Bug 1675138 - Set CRLite to enforcement mode in Nightly-only r=keeler

We have ~10 months of CRLite telemetry-mode data in both Beta and Nightly, and about 2 months with data that has been kept up-to-date, and that telemetry agrees with our end-of-2019 experiment that CRLite should indeed speed up versus OCSP. To confirm, we should enable the Enforce mode for Nightly users; that will stop collecting the CRLITE_FASTER_THAN_OCSP_MS and OCSP_FASTER_THAN_CRLITE_MS but should cause an improvement in SSL_TIME_UNTIL_READY as a weighting of the CRLITE_FASTER_THAN_OCSP_MS vs the percentage of cache-miss first page loads: we expect it'll mostly affect the outliers. Differential Revision: https://phabricator.services.mozilla.com/D95814
dothq · Nov 3, 2020 · 09bb61e · 09bb61e
1 parent c938c74
commit 09bb61e
Showing 1 changed file with 4 additions and 0 deletions.
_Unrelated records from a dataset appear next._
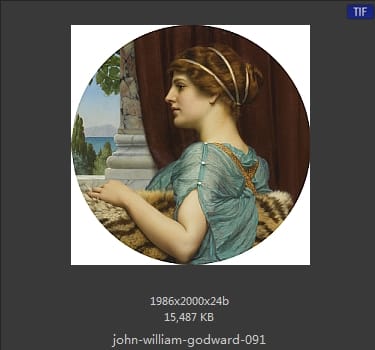 John William Godward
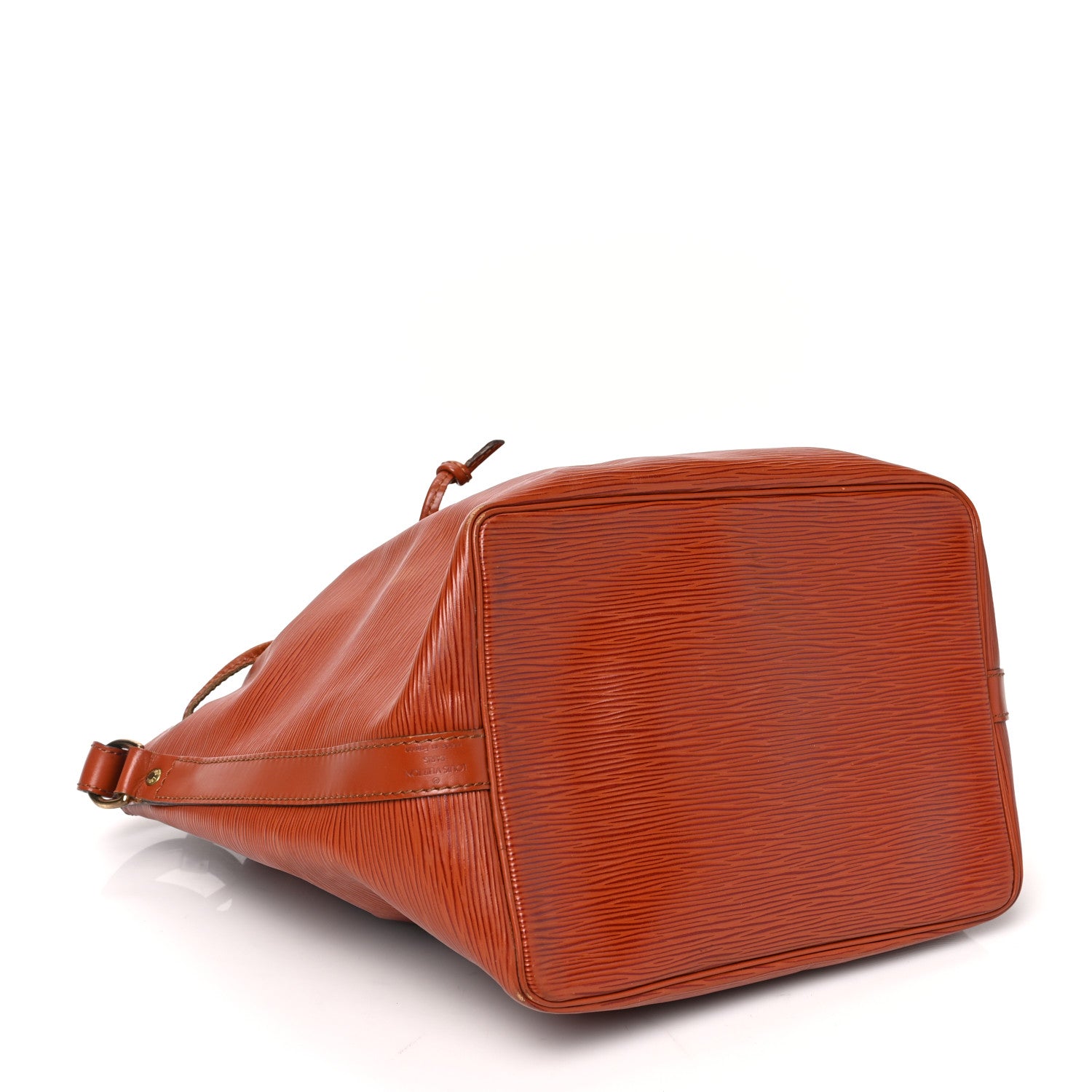 Louis Vuitton Epi Petit Noe Kenyan Fawn 4 of 9
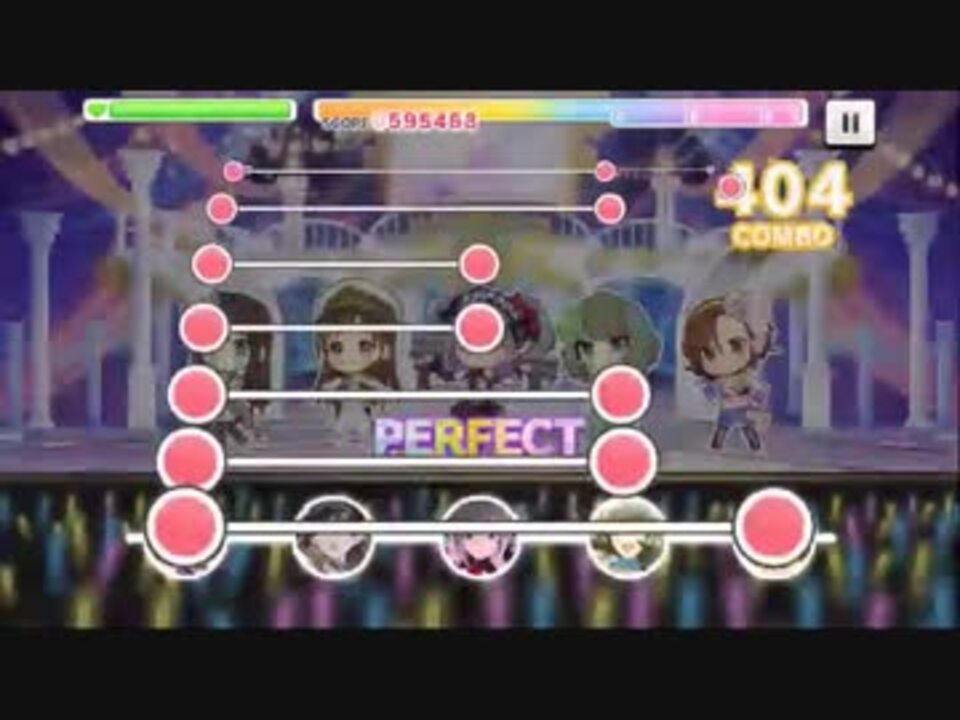 デレステ お願い シンデレラ 速度1 Fc ニコニコ動画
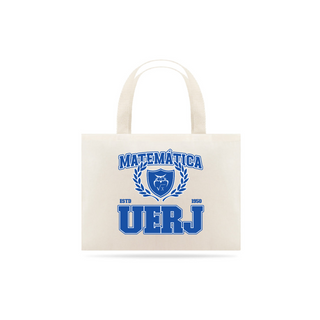 UniVerso - Ecobag Matemática UERJ 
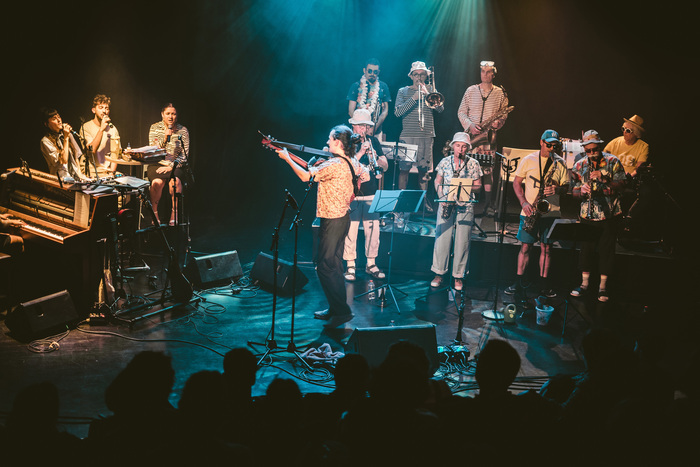 Concert Participatif - Antoine 4MILLE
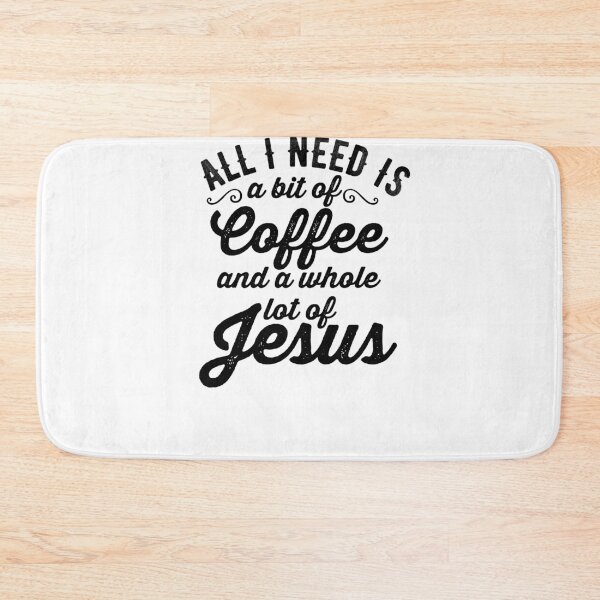 Item preview, All I Need Is  A  Bit Of Coffee And A Whole Lot Of designed and sold by Mytoonsquad.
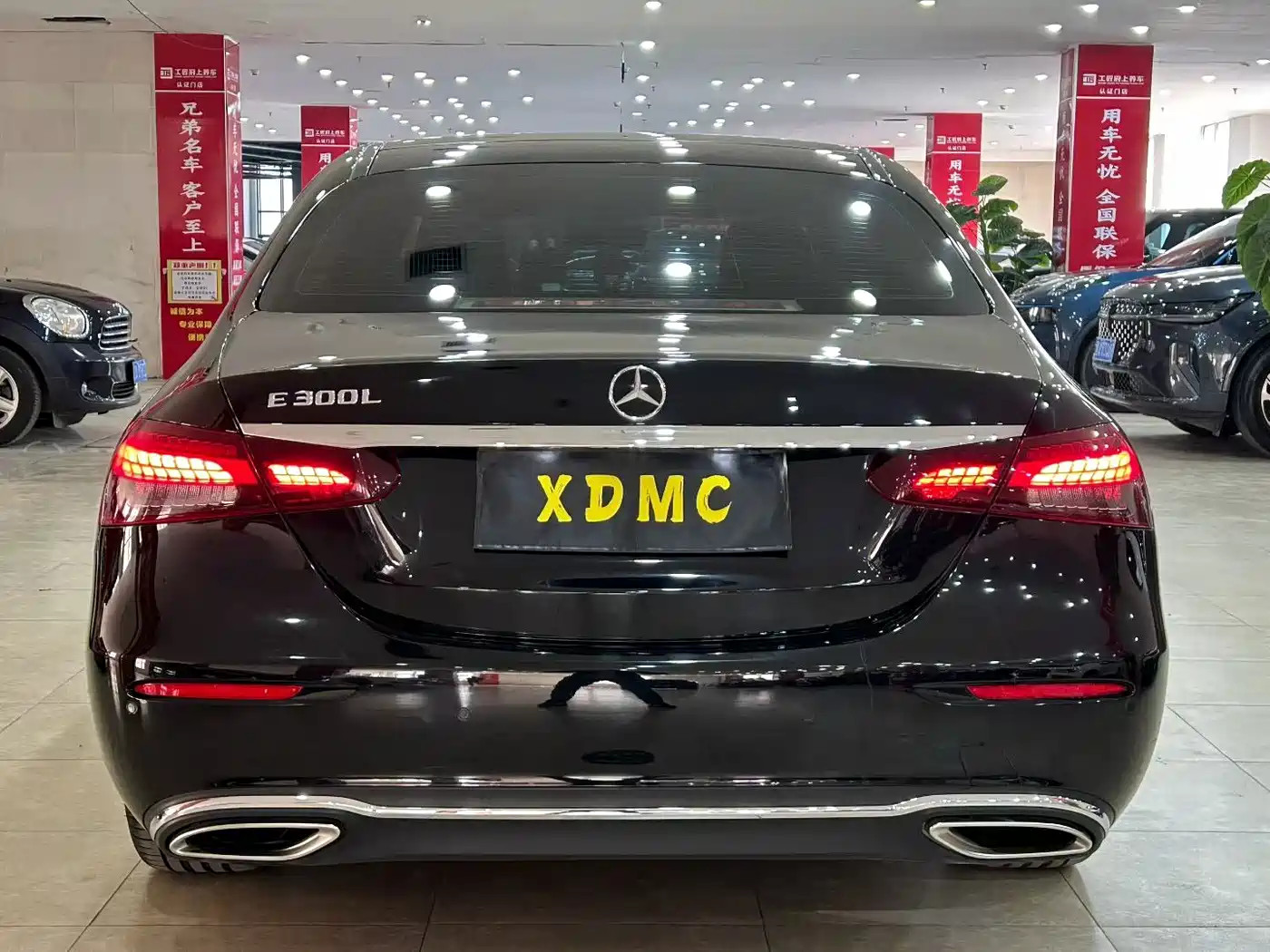 Mercedes-Benz E-Class 2023 E 300 L Premium фото 5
diff --git a/modules/libpref/init/all.js b/modules/libpref/init/all.js
@@ -183,7 +183,11 @@ pref("security.pki.distrust_ca_policy", 2);
 // 0: Disable CRLite entirely
 // 1: Enable and check revocations via CRLite, but only collect telemetry
 // 2: Enable and enforce revocations via CRLite
+#if defined(NIGHTLY_BUILD)
+pref("security.pki.crlite_mode", 2);
+#else
 pref("security.pki.crlite_mode", 1);
+#endif
 
 // Represents the expected certificate transparency log merge delay (including
 // the time to generate a CRLite filter). Currently 28 hours in seconds.